Sunday, July 7, 2013

He Gasped

When I was dating my husband, I brought him to my parents' house for a family dinner. As we were sitting at the table, someone said something so amusing that he laughed. With industriousness. My brother commented afterward that he had never seen anyone laugh so hard that the dishes shook in the china cabinet.

So making my husband laugh became an important goal in our relationship. Occasionally I pull it off, and, of course, I am very, very proud.

It was not until 20 or so years into our marriage (yes, it is true, I have no idea how long we've been married... the calculator is too far away for me to reach it easily), that I first heard my husband gasp.

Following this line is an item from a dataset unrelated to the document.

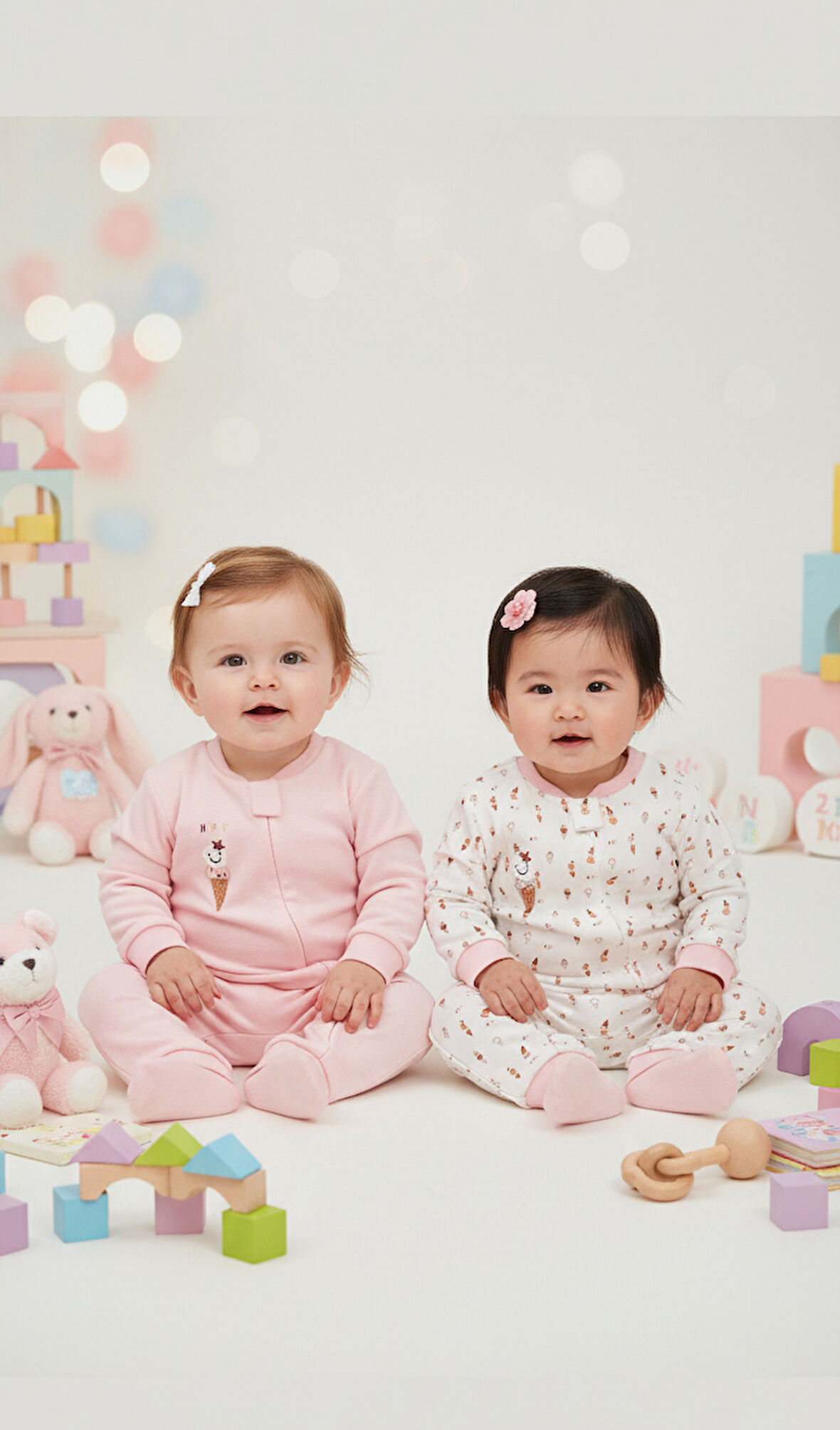 Baskılı 2'li Kız Bebek Tulum Seti 3-24 Ay KD53128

It was Christmas-time last year, and my Mom was in the hospital. When my parents were in the hospital, I generally collected up my computer and whatever project I was working on with fiber and slept, awkwardly poised in a chair with a blanket around me. So Christmas day came, and my husband and son came to see us at the hospital, and I was very excited, because I had finished making a hat. Hat #2, we'll call it.

There were some issues.

Hat #1 was my first attempt to use circular needles and double-pointy needles. I got through the hat quite nicely. At the end, my mother said I needed to use double-pointed needles, or whatever you call them, so I worked my way as far as I could before the needles started falling all over the place. I didn't want to bother my Mom with pesky details, so I took a darning needle and darned the top of the hat. I think my friend Channyn would be appalled. It looked ok to me, though. I figured I'd learn the fine art of finishing on the next hat. Here's Hat #1:

If everyone would agree not to look too closely at the top, we'll be just fine, thank you very much

But back to Hat #2. My friend Edie had taken some yarn that I made by plying homespun orange and pink wool with some fancy brown commercial yarn and made a sample so I could see how it would look knitted up. It looked good to me, so I thought I would make it into a hat. If you look closely, you can see her sample has a strand of hot pink, a strand of orange, and then this brown commercial fancy yarn that I suppose you might call eyelash yarn:


So my husband and son showed up at the hospital on Christmas morning, and I was a bit bleary eyed from a night sleeping upright in a chair. I got all excited and said, "Oh HONEY, you have to see the hat I've just finished. So I ran into the bathroom, plopped it on my head and whirled around.

And that's when he gasped.

Something I've never heard him do before.

In something like 20 years. Maybe 25, if you count the 5 in which he claims he was dating me.

OK, so, admittedly, the hat was too big for my head, had four double pointy needles hanging off the top, and strands of orange and brown flopping out from various parts of it, because I didn't have scissors or a darning needle....

So for his punishment, here is my Sweet Sweet Patookie, wearing Hat #2, which fits him quite nicely, if you ask me. My friend Channyn picked up all the dropped stitches and finished it off, presumably to keep me from getting out the staple gun to make the top all tie together:

For what it's worth, yes, I do know it looks awful.

Too Hot to Handle?

I finished my first round of wild yarn using the fiber from the Central New York fiber fair. It seems my efforts to learn to spin thin have taken such an effect that making lumpy bumpy art yarn was more difficult than I expected. You'll recall from my blog entry Inspiration / Perspiration that I was working with some wild fiber with lots of blues and sparkly stuff in it. I made up that yarn, and thought, "well heck, this needs a little more somethin' somethin'." So I dug around in my bins and found a coordinating commercial yarn, and then found some commercial eyelash yarn (my sweet husband saw the eyelash yarn and wanted to know if I had taken to cutting up my Dad's old silk shirts, but nope, I haven't gotten that far yet). So I plied the coordinating turquoise commercial yarn with the art yarn, then tied pieces of the eyelash yarn in every 12 inches. My friend Denise says I can ply the eyelash yarn in instead of tying it, so I will look into that for another project. It might be more secure to ply it in, because it will slip around a bit tied in the way I did it.

So, I started with this:



And ended up with this:








What can you do with bulky colorful yarn like this? I say, hat, scarf, or purse. A hat would be pretty wild looking. There's only about 68 yards of the final yarn. I have leftover eyelash yarn, and then leftover commercial blue yarn. It would be interesting if you could come up with a project that would use all the yarn, including the leftover yarn. So if you've got a vision, let me know. In the meantime, it's into the apothecary jars for this!